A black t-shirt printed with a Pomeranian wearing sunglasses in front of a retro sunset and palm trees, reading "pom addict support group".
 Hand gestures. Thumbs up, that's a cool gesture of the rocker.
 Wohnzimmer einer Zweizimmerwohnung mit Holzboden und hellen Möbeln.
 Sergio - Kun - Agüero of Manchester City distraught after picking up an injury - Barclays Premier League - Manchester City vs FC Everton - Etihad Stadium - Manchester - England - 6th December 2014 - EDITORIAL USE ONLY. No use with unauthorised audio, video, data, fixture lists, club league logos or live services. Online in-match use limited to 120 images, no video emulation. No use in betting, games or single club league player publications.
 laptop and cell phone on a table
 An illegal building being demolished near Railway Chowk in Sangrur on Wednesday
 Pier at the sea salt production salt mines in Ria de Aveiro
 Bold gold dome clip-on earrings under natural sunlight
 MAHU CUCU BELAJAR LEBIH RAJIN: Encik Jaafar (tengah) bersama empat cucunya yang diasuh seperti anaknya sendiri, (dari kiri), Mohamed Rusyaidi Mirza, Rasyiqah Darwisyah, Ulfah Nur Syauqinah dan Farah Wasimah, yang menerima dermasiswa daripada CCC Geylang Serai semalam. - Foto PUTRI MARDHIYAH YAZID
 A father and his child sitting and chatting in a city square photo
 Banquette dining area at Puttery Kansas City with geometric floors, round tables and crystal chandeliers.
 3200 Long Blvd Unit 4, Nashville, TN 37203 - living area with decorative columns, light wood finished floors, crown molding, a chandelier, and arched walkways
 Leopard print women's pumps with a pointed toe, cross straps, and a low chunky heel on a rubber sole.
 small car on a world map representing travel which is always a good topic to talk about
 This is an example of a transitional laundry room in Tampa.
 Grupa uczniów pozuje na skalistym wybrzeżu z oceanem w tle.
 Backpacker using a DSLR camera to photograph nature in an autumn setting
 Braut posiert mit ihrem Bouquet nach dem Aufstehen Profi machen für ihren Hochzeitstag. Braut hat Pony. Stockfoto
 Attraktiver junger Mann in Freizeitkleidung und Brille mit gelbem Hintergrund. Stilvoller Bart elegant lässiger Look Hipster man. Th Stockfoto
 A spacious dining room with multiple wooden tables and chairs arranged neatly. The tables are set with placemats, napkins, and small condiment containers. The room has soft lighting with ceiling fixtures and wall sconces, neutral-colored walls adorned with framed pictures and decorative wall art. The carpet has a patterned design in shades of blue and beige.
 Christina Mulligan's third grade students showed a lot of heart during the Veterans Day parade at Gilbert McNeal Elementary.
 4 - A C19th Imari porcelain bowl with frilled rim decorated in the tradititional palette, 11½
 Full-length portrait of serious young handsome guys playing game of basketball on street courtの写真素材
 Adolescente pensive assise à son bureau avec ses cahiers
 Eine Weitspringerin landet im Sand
- - - -
Your objective: Each line from the one with "Attraktiver junger Mann" through the last line of the material is to be retyped exactly, and no other line is.

Output below:
 Attraktiver junger Mann in Freizeitkleidung und Brille mit gelbem Hintergrund. Stilvoller Bart elegant lässiger Look Hipster man. Th Stockfoto
 A spacious dining room with multiple wooden tables and chairs arranged neatly. The tables are set with placemats, napkins, and small condiment containers. The room has soft lighting with ceiling fixtures and wall sconces, neutral-colored walls adorned with framed pictures and decorative wall art. The carpet has a patterned design in shades of blue and beige.
 Christina Mulligan's third grade students showed a lot of heart during the Veterans Day parade at Gilbert McNeal Elementary.
 4 - A C19th Imari porcelain bowl with frilled rim decorated in the tradititional palette, 11½
 Full-length portrait of serious young handsome guys playing game of basketball on street courtの写真素材
 Adolescente pensive assise à son bureau avec ses cahiers
 Eine Weitspringerin landet im Sand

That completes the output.